Ray, a teenage stroke victim, is one of the tortured adolescents preoccupied by the parallel universe of animals--and “animal sadness”--in Joy Williams’ novel “The Quick and the Dead.” In this case it’s an imaginary monkey, and in his mind Ray can “feel the little monkey’s heart beating wetly beneath its gray skin . . . wordlessly expressing its situation. It, too, was not lost. It had undergone unnecessary surgery, had painfully recovered from it, had been killed piece by piece and disposed of part by part, and this had been its orbit of eternal occurrence, suffered over and over again.”
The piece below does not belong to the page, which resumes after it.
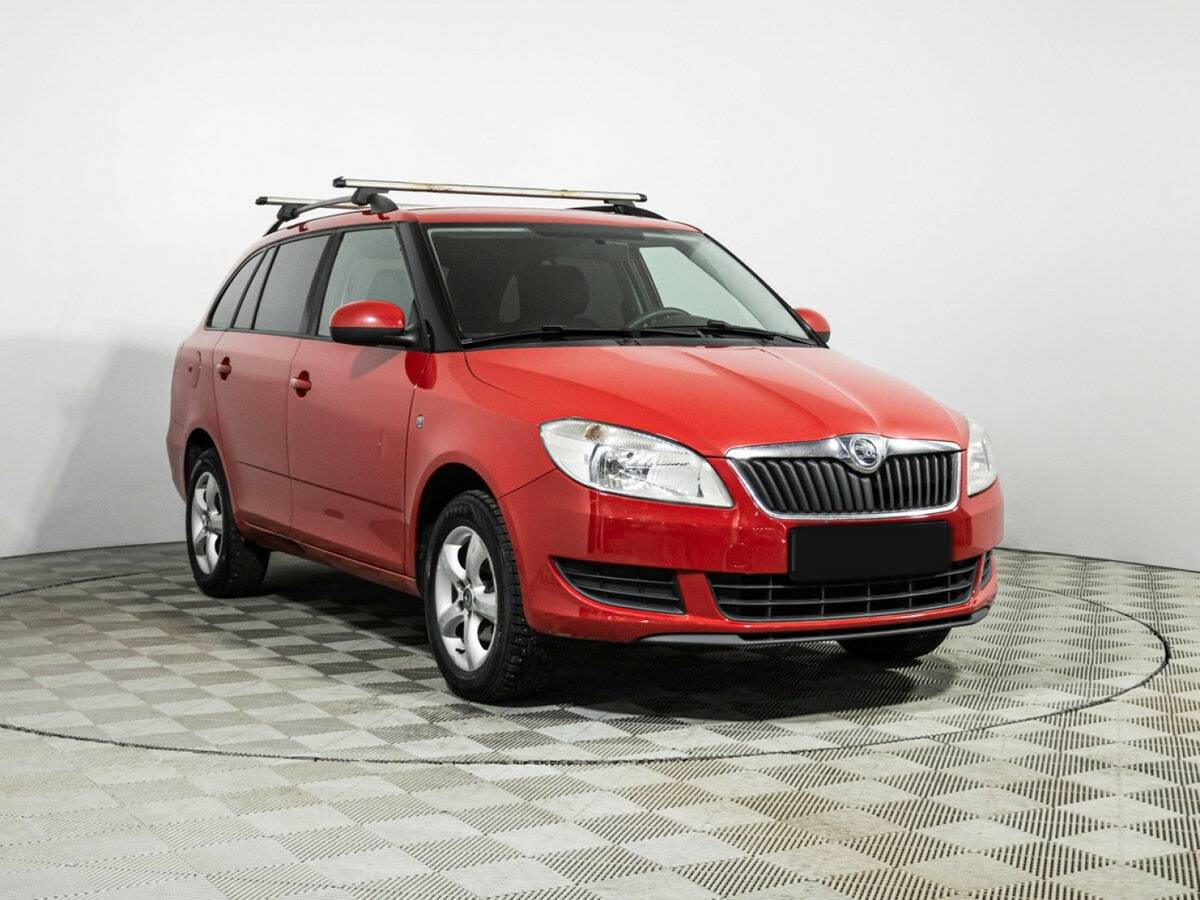 Купить Skoda Fabia с пробегом. Фото: #2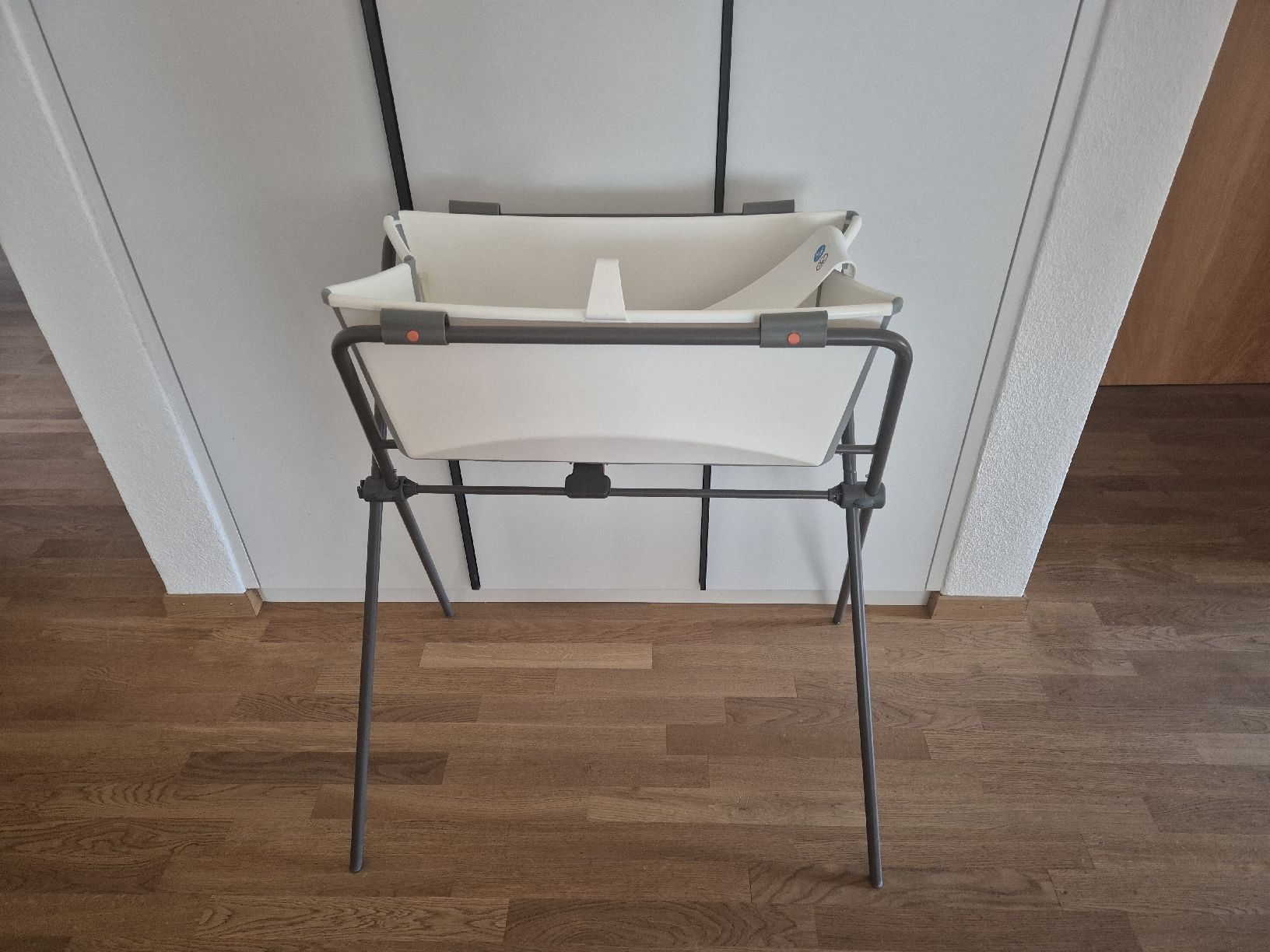 Stokke Vasche da bagno: STOKKE Flexi Bath Badewanne mit Flexi Bath Ständer – Usato da Schöftland venduto da nad_595y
The pathos of this passage touches all the raw nerves routinely laid bare by animal rights rhetoric: the little wordless monkey, the unnecessary surgery, the suffering, the killing, the disposing. Every piece of direct mail from the Doris Day Animal League or the Humane Farming Assn. League or virtually any other animal rights group plays on our sympathies in such language, often accompanied by photos that could make a butcher wince. The emotionalism of these appeals gives rise to a host of basic questions: What are animal rights? Are they moral, legal or purely fanciful? Why should we care? Given that many societies in today’s world have an infirm grasp of human rights, are we even remotely capable of considering the rights of what are generally considered to be commodities? Just try to answer these questions without resorting to emotion and see how far you get.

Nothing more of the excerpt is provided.